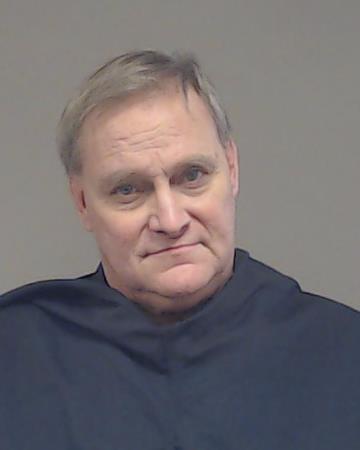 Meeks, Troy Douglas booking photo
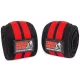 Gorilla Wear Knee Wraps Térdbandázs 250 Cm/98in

● ● ●

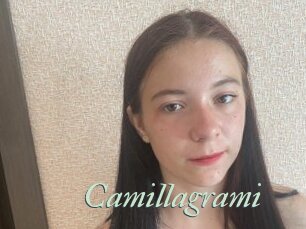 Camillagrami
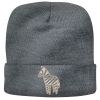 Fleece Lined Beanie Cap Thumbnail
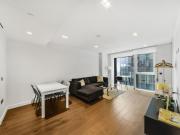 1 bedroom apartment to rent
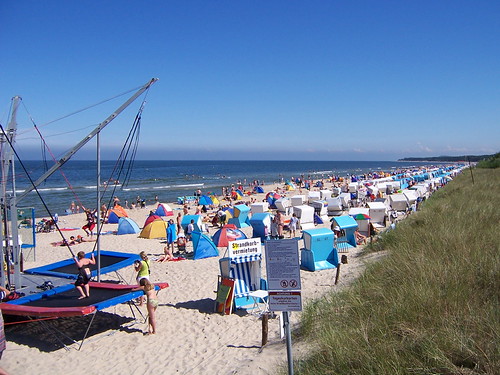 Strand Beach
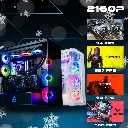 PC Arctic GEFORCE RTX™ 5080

● ● ●

(TASK BRIEF): Print the part of the listing above that opens with the line containing "Camillagrami" and closes with the line containing "PC Arctic GEFORCE RTX™ 5080". Copy it exactly, both ends included, and omit the pictures.

(TASK SOLUTION):
 Camillagrami
 Fleece Lined Beanie Cap Thumbnail
 1 bedroom apartment to rent
 Strand Beach
 PC Arctic GEFORCE RTX™ 5080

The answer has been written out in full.